EL PASO, Texas (KTSM) – This year Juneteenth is being celebrated as an officially recognized federal holiday and some El Pasoans say it’s a step towards change.

Juneteenth, also known as Emancipation Day, marks the end of slavery back from June 19th of 1865 when enslaved Black Americans in Galveston, Texas received news of emancipation that freed them from slavery.

On Thursday, June 17th President Joe Biden proclaimed Juneteenth as an official federal holiday for the first time.

Doris Jackson-Hardwick, president of National Association for the Advancement of Colored People in El Paso, said she sees it as an “olive branch being extended” to Black Americans and a start of change for the better.

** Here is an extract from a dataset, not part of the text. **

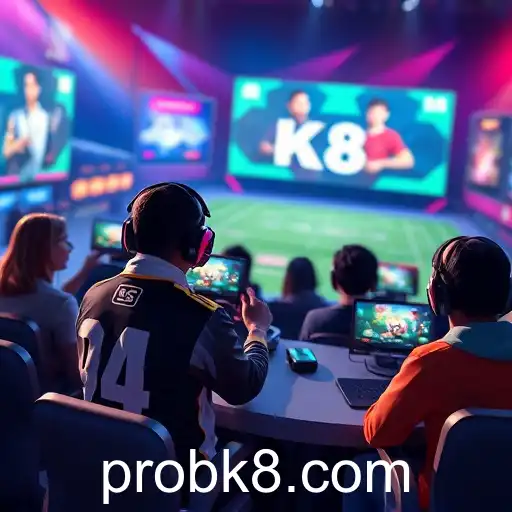 The Evolution of Online Gaming Platforms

She said even though Juneteenth was celebrated in the El Paso community before, this opens up doors for more conversation about the history of slavery in the U.S.

“If we once listened to each other, see where we want to go, where we’ve been, and we need to see if we can come to a happy medium so everybody can be a winner,” said Jackson-Hardwick.

Kyra Lewis is the vice president of Black Students Union at UTEP and hopes Juneteenth being a national holiday will prompt talks about the injustices African-Americans are facing, especially when it comes to younger generations.

Despite the holiday being recognized on a national level she still felt it was contradictive, coming just days after the state of Texas passed a bill that bans educators from teaching about critical race theory in school.

“I find it very ironic and, perhaps, even performative that you can pass a national holiday celebrating the freedom of slaves when you don’t want to teach about the circumstance that brought them here,” explained Lewis.

She said, however, this is a step forward and a day to celebrate, as well as reflect on the contributions that Black Americans have done for this country.

“We’re thankful that we got Juneteenth, don’t get me wrong, but there’s so many things that we wanted addressed first,” she said.